Num dia em que os filhos de Deus vieram apresentar-se perante o SENHOR, veio
também Satanás entre eles apresentar-se perante o SENHOR. Então, o SENHOR
disse a Satanás:
Donde vens?
(Jó 2:1-2a)

Uma das características mais marcantes do neopentecostalismo é sua ênfase na figura do Diabo e
seus demônios. Em tudo o neopentecostal enxerga a ação de Satanás: doenças, problemas de
relacionamento familiar, dificuldades financeiras são vistos como resultantes da ação de demônios.
Expulsá-los das vidas por eles dominadas é a grande tarefa que o neopentecostal se impõe.
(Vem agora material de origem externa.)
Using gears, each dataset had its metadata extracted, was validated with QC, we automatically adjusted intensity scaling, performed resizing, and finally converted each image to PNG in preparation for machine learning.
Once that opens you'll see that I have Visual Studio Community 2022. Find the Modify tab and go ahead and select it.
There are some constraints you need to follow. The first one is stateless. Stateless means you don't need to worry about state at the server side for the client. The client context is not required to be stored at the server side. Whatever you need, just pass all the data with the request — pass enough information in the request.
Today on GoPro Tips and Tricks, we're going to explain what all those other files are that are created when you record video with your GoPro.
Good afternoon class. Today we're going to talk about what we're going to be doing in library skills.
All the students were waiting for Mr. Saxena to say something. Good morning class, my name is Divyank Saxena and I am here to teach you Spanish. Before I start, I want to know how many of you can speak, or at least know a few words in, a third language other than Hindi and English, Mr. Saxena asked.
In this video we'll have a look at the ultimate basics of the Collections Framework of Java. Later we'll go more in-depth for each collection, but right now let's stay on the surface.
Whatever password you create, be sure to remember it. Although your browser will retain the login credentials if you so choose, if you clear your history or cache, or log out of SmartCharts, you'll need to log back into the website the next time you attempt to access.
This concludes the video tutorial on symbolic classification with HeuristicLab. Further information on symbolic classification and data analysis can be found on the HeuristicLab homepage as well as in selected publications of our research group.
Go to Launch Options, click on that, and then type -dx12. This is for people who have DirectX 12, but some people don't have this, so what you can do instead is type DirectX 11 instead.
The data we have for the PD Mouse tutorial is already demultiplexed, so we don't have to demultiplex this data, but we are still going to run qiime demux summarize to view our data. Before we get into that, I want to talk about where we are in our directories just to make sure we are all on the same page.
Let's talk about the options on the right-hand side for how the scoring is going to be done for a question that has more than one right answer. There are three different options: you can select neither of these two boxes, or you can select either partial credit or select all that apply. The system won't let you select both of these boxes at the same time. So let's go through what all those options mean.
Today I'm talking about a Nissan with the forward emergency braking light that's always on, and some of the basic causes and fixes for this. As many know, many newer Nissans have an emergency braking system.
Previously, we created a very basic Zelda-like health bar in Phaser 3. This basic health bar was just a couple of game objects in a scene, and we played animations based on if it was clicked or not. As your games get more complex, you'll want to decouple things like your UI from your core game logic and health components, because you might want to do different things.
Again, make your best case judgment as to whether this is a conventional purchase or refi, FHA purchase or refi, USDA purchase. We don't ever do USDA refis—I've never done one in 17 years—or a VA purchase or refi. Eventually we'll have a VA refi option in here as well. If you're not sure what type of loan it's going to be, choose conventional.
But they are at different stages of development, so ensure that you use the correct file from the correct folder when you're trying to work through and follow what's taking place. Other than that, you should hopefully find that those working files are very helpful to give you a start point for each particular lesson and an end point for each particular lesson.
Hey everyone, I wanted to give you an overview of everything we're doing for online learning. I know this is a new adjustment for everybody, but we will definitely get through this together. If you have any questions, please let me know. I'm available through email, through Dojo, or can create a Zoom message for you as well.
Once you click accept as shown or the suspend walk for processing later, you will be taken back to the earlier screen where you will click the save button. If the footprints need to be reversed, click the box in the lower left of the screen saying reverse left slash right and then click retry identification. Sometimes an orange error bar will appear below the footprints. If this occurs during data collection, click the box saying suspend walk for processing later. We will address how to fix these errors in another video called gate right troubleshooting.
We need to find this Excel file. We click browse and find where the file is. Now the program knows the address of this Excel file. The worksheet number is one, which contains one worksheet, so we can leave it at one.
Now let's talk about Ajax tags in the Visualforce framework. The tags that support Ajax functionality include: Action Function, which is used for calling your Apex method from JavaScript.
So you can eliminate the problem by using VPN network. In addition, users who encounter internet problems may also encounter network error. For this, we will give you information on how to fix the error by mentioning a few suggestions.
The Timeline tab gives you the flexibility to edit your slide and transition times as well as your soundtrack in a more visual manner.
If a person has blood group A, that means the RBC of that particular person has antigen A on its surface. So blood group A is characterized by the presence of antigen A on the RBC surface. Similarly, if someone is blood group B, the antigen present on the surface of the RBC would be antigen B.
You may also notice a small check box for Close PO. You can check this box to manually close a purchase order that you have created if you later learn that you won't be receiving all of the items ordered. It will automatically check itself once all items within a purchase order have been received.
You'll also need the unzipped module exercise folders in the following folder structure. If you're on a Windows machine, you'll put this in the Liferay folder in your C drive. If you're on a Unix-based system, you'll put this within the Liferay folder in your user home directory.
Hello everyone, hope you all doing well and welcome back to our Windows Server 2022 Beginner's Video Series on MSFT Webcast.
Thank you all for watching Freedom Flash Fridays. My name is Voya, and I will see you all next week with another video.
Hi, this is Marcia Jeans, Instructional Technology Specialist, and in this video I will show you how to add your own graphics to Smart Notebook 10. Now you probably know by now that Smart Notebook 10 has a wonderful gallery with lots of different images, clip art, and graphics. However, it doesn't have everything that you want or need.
Juntamente com esta ênfase, destaca-se o papel fundamental desempenhado pelo Homem na
cosmologia neopentecostal. Para o neopentecostalismo, Deus e o Diabo somente agem no mundo
através dos seres humanos que a eles se submetem. A teologia da guerra espiritual é uma teologia
humanista: ela define o mundo humano como seu campo de batalha.

Qual a origem teológica destas ênfases neopentecostais no Diabo e no Homem? De onde vêm tais
crenças?

O Dr. R. T. Kendall, em seu estimulante ensaio "A Modificação Puritana da Teologia de Calvino" 1,
oferece elementos fundamentais para o entendimento de algumas das bases teológicas de
fenômenos religiosos contemporâneos, tais como o pentecostalismo e o neopentecostalismo. Não é
esta a proposta do autor, mas, simplesmente, estudar a modificação que o puritanismo inglês causou
à teologia do Reformador de Genebra. Entretanto pode-se ver neste estudo de base elementos de
ligação com os referidos movimentos, o que procurar-se-á demonstrar neste artigo.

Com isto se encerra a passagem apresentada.